Patients' pain from the infusions may have been exacerbated by use of steroids to treat it, which the manufacturer of crizanlizumab has subsequently recommended against. “And if patients can get through the first two or three doses without a problem, then we do not see this problem in future infusions,” she said. There is once again the issue of cost, estimated at $80,000 to $100,000 a year.
The final new option is voxelotor, a polymerization inhibitor that reversibly binds to hemoglobin to increase its oxygen affinity, which was tested in a trial published by NEJM in 2019.
“The primary endpoint, interestingly, for this study was a hemoglobin response,” said Dr. Lanzkron. “This drug is really interesting because it addresses the primary problem, the event of sickling, and so one would think that if you're affecting a primary problem, that you should be able to decrease downstream complications, including the development of vaso-occlusive crisis, but we don't really have that data yet.” Voxelotor comes as a pill, taken once daily, but is also expensive, at about $125,000 per year.
Hydroxyurea remains Dr. Lanzkron's first-line therapy for most patients with sickle cell. She considers crizanlizumab as first-line therapy for patients who have sickle cell variants and multiple crises a year and as second-line therapy for others. L-glutamine is third-line, or second-line for those who don't want an IV infusion. Voxelotor is her go-to only to treat symptomatic anemia that doesn't respond to hydroxyurea.

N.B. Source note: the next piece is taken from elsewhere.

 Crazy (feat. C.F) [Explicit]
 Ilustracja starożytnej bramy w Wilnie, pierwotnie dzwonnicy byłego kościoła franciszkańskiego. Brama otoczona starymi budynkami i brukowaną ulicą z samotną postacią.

There is one more therapy she uses, mostly for patients with chronic pain and frequent crises, and that's transfusion. Guidelines from the National Heart, Lung, and Blood Institute, published in 2014, only recommend chronic transfusions in adults with sickle cell to prevent recurrent strokes, but trials have shown that it also reduced pain and hospitalizations, Dr. Lanzkron said.

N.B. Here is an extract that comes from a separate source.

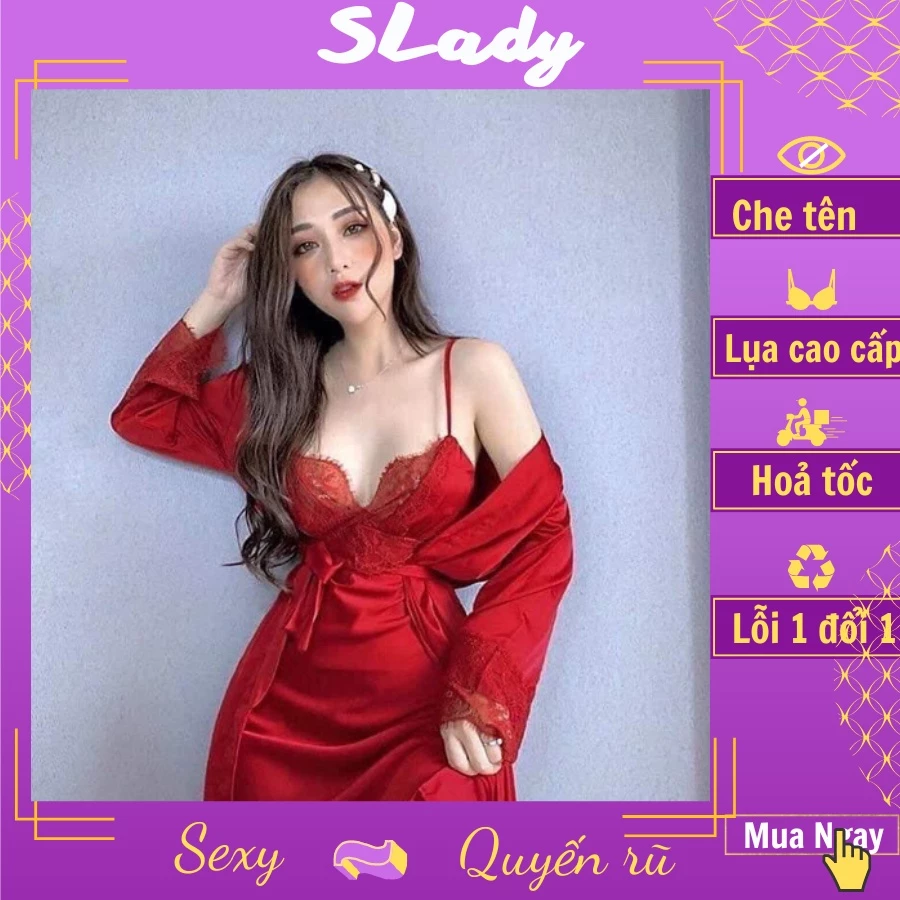 Váy Ngủ lụa sexy Slady gợi cảm cao cấp 2 dây Satin dáng dài có mút ngực, kèm áo choàng, Siêu đẹp - VNS18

Transfusion is a better solution to significant chronic pain in sickle cell patients than IV opioids, which she definitely does not recommend. But her main advice on this challenging care decision is to hand it over to an expert. “I don't think that primary care physicians should be doing this,” she said. “I think that sickle cell experts should be managing this, because we're in the best position to sit and think about patients' specific treatment plans.”
The good news is that after a very long wait for advances in the field, everyone treating sickle cell disease should have more options in the near future. “It's really an exciting time in sickle cell disease. We have a number of new therapies, and there are about 40 new agents in the pipeline, which is really great,” said Dr. Lanzkron.